Abstract
Tissue reconstruction, based on stem cell activity has become an important part of orthopaedic practice. It is now possible to develop cell lines which are able to produce the fundamental cells which can be used in musculoskeletal regeneration, especially in fracture healing, cartilage regeneration, and muscle repair. However, for the newly implanted cells to be effective, it is vital to have an adequate and developing blood supply to that area. Human and animal studies have demonstrated the marked contribution of bone marrow derived precursor cells in the normal bone healing process. Studies of the application of bone marrow graft have shown that there is greater bone growth when more precursor cells are grafted and these cells are thought to be a mixed population of stems cells and their associated progeny. CD34+ cells have shown remarkable ability to differentiate into many cells types which include chondrocytes and osteocytes. They have also been shown to home on to sites of bone injury and mature into bone cells which take part in the repair process. Colleagues in our laboratories have described a plastic adherent sub-population of CD34+ cells which have been able to reconstitute and sustain hematopoeisis over 5 weeks, similar to long-term marrow culture. This sub-population of cells are called omnicytes. Using this sub-population, we have conducted in vitro and animal experiments using a fracture healing model to assess the role of stem cells in accelerating the fracture healing process.

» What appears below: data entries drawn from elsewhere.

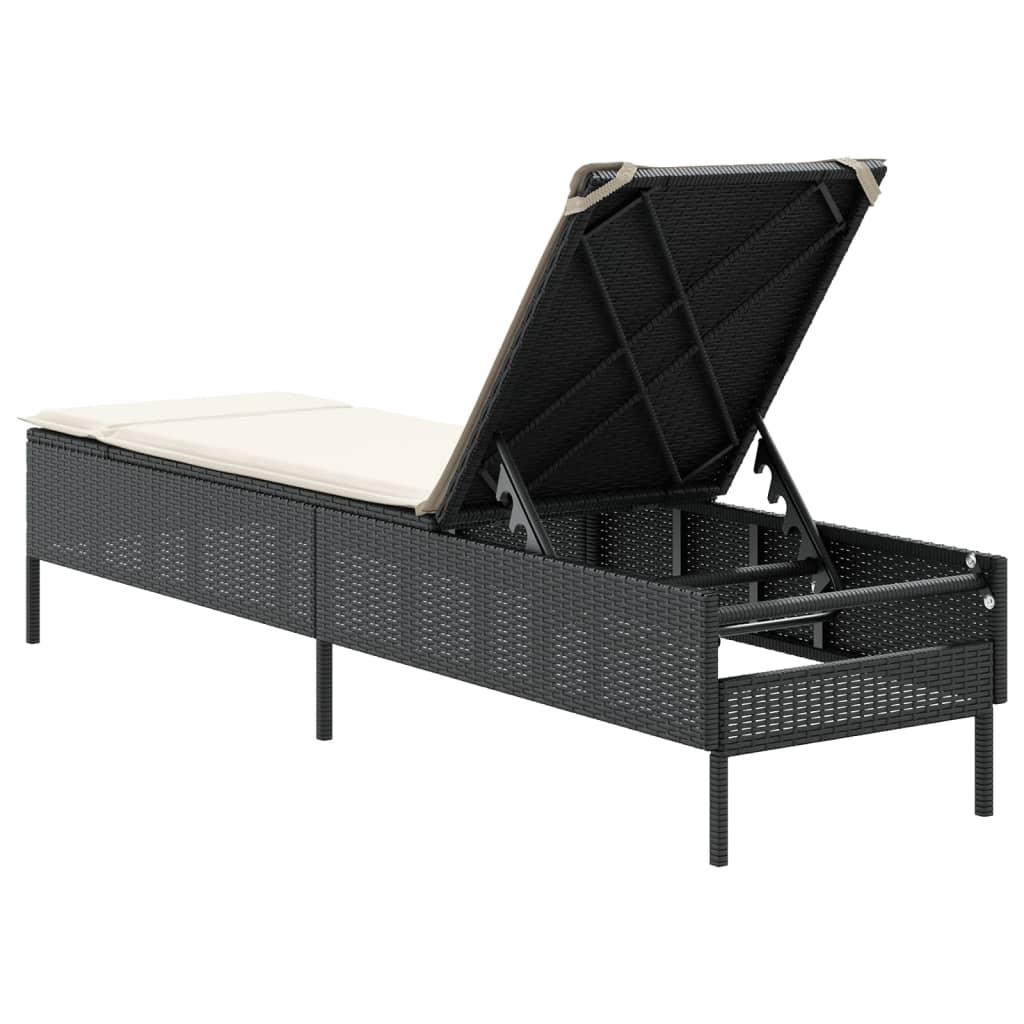 Sonnenliege mit Auflage Schwarz Poly-Rattan – Bild 6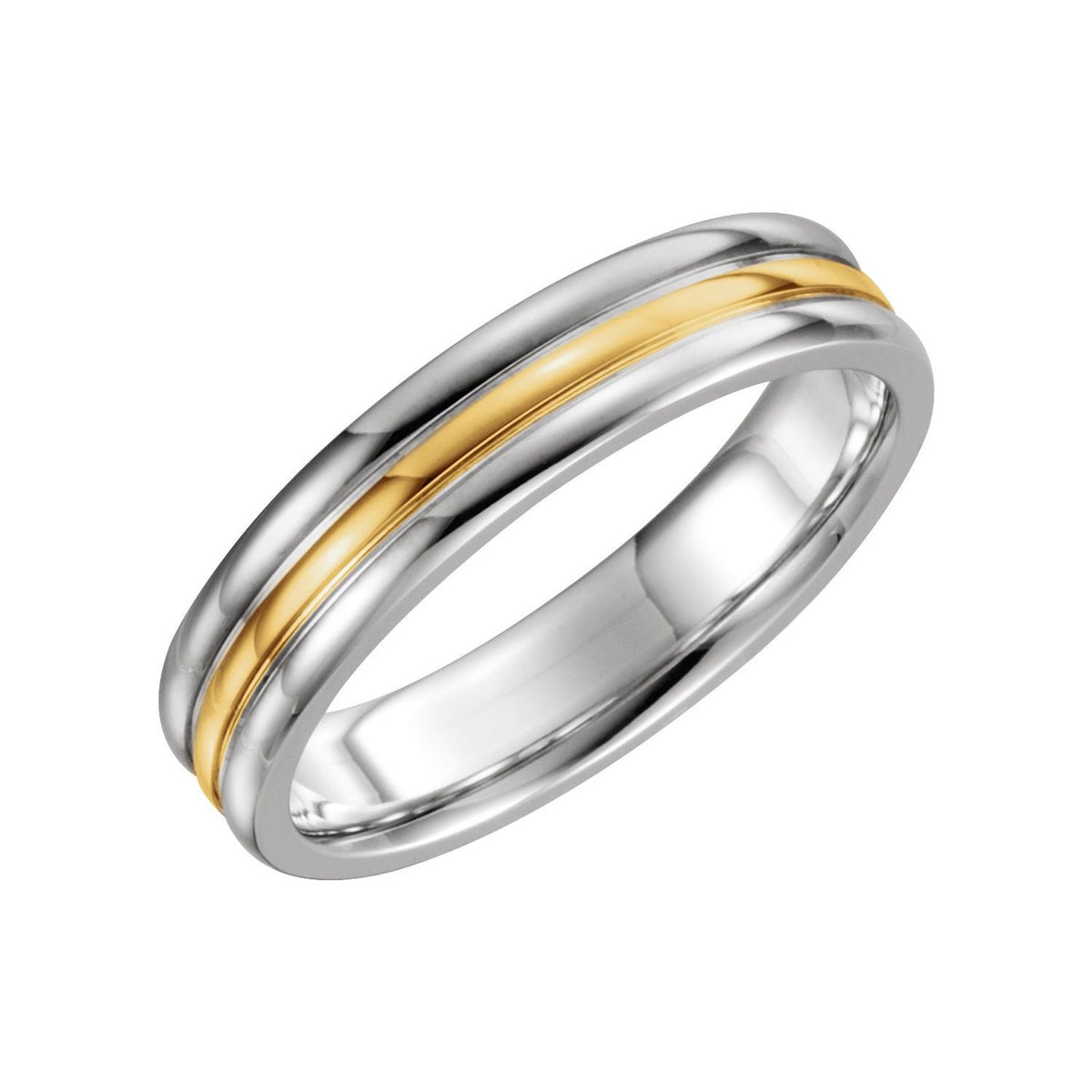 14K Yellow/White/Yellow Gold Grooved Band
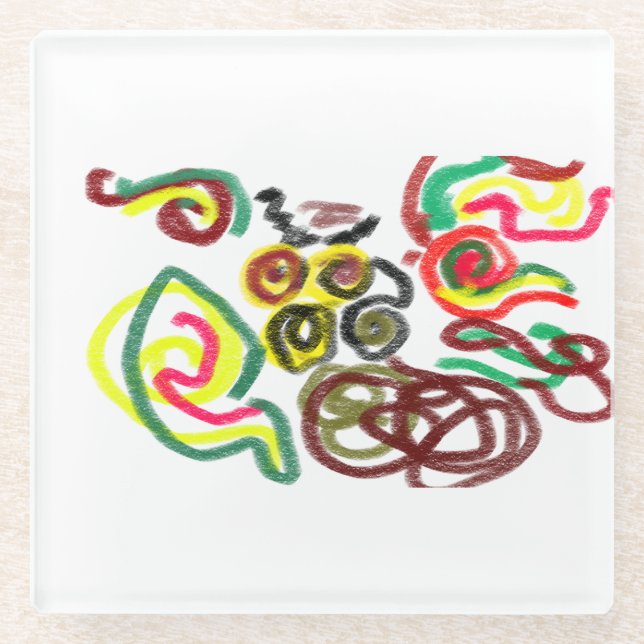 Posavasos De Vidrio Búho genial amarlo (Anverso)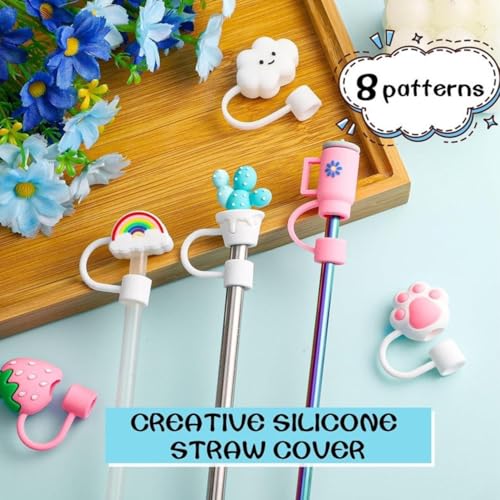 Ahamo Stanley Straw Cover Cap for Tumbler (8-Piece Set) | Reusable Silicone Straw Protectors with Dust-Proof Design | Compatible with Stanley Sipper Accessories & Tumblers - Image 4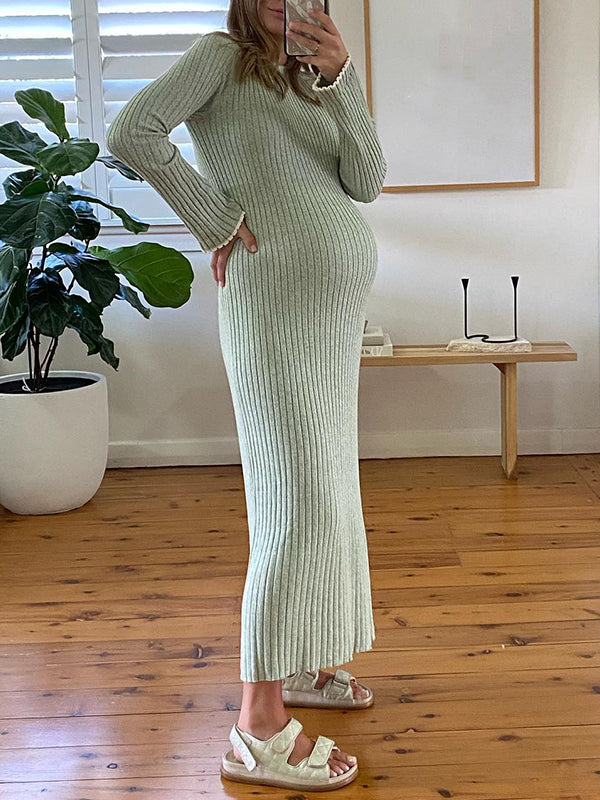 Momyknows Green Knitted Belly Friendly Flated Eleagnt Going Out Maternity Baby Shower Maxi Dress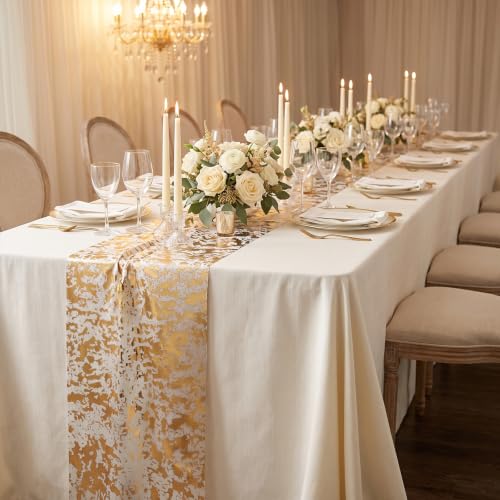 Gold 9FT Sequin Glitter Metallic Foil Table Runner - Veridra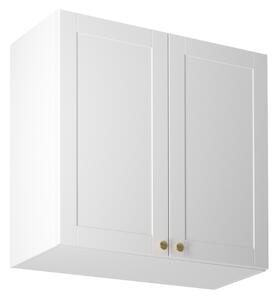 Horná dvojdverová skrinka LUMEA - šírka 80 cm, biela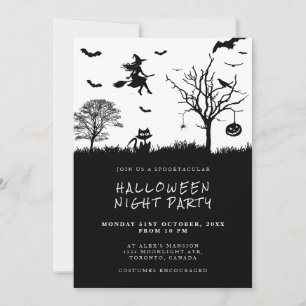 Grizzly Heks Zwart-Wit Halloweenfeest Kaart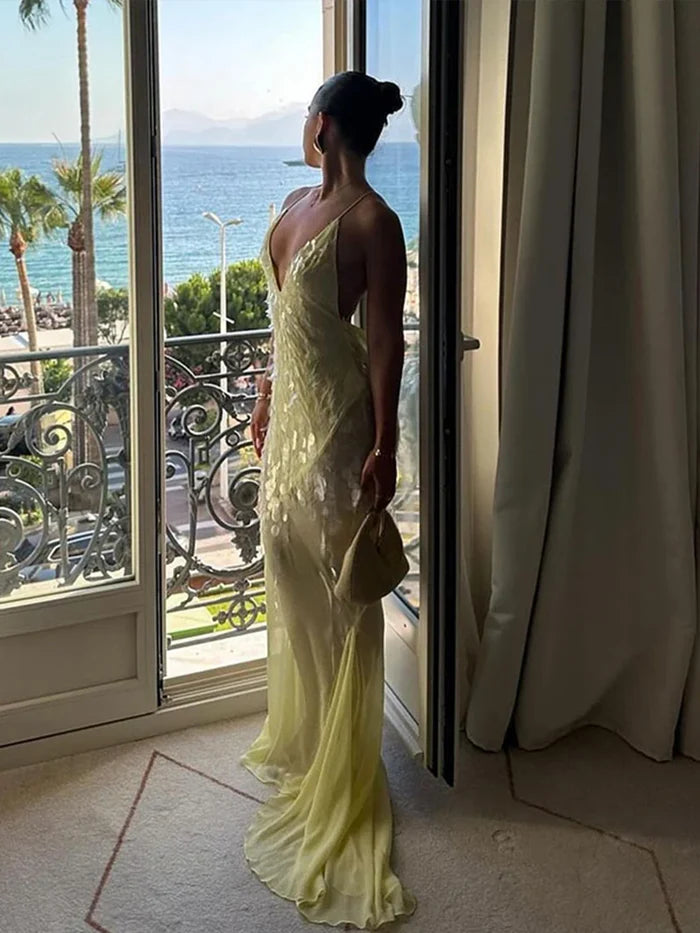 Yellow Fashion Elegant V-neck Mermaid Tulle Sequin Long Prom Dress Evening Gown Party Dress nv2441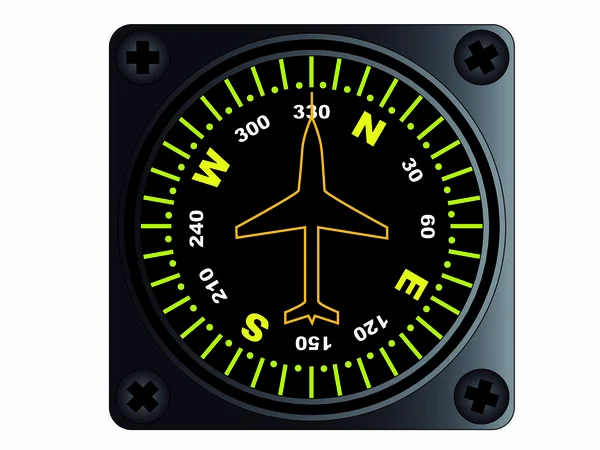 Kompas Typu Používaného Letadle Izolovaný Bílém Pozadí — Stockový vektor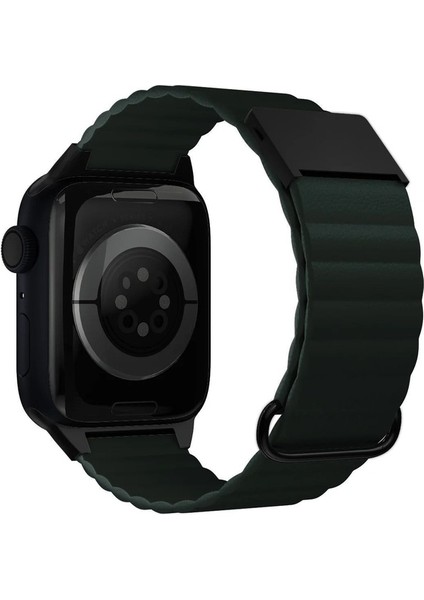 Apple Watch 2/3/4/5/6/7/8 Se 38-40-Uyumlu Kordon Deri Mıknatıslı Metal Tokalı Kayış, Koyu Yeşil modelleri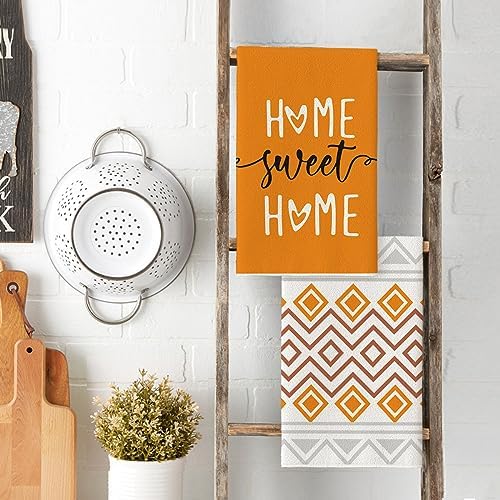 Artoid Mode Orange Stripes Home Sweet Home Boho Kitchen Towels Dish Towels - Image 3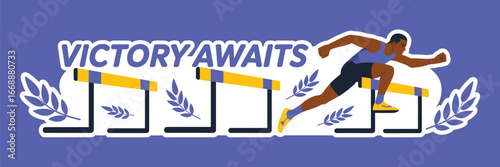 An athlete jumps over hurdles with victory awaits text on a blue and white background illustration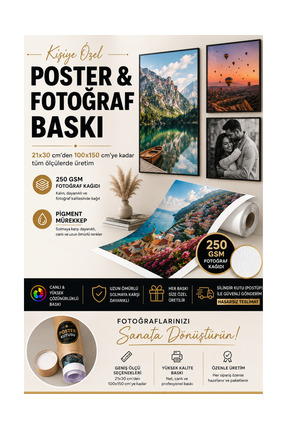 Rosaart Özel Poster, Kişiye Özel | İstediğiniz Görselde Dijital Baskı | Çerçe...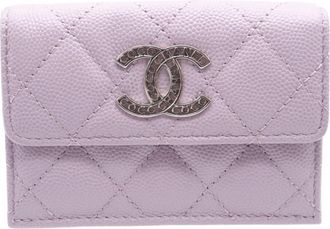 Dior Purple White Leather Wallet (Tri-Fold) (Pre-Owned)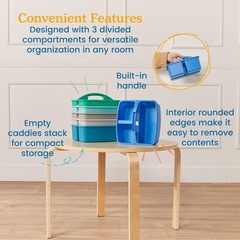 3-Compartment Small Plastic Caddy, Multipurpose Organization, Contemporary, 6…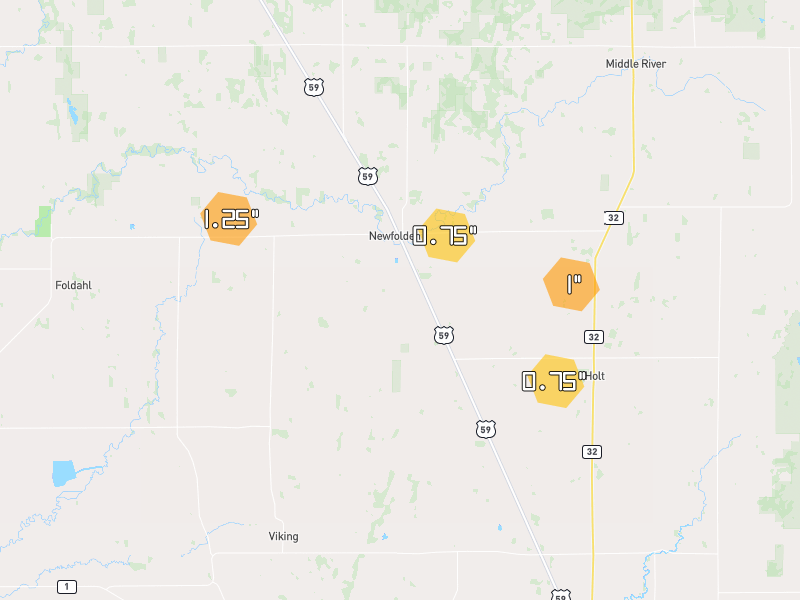 Hail map of Newfolden, MN on Jul 25, 2026, hail up to 1.25"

However, it is clear that in order for these cells to be effective, the blood supply needs to be viable. In this paper, the importance of the blood supply and the role of blood flow will be discussed particularly in relation to fracture healing and intervertebral disc regeneration. In fracture healing, the increase of blood flow occurs within the first 6 weeks after the fracture has occurred and CD34+ cells applied to the fracture site via the nutrient artery could accelerate the process of fracture union. In the same way, intervertebral disc patients with chronic low back pain for more than 3 months could be treated with enhanced CD34+ cells in order to allow disc cartilaginous type cells to regenerate.
This will be a review of the role of the blood supply, the development of CD34+ cells (namely omnicytes), and the clinical application of these cells to patients with long bone fractures and low back pain.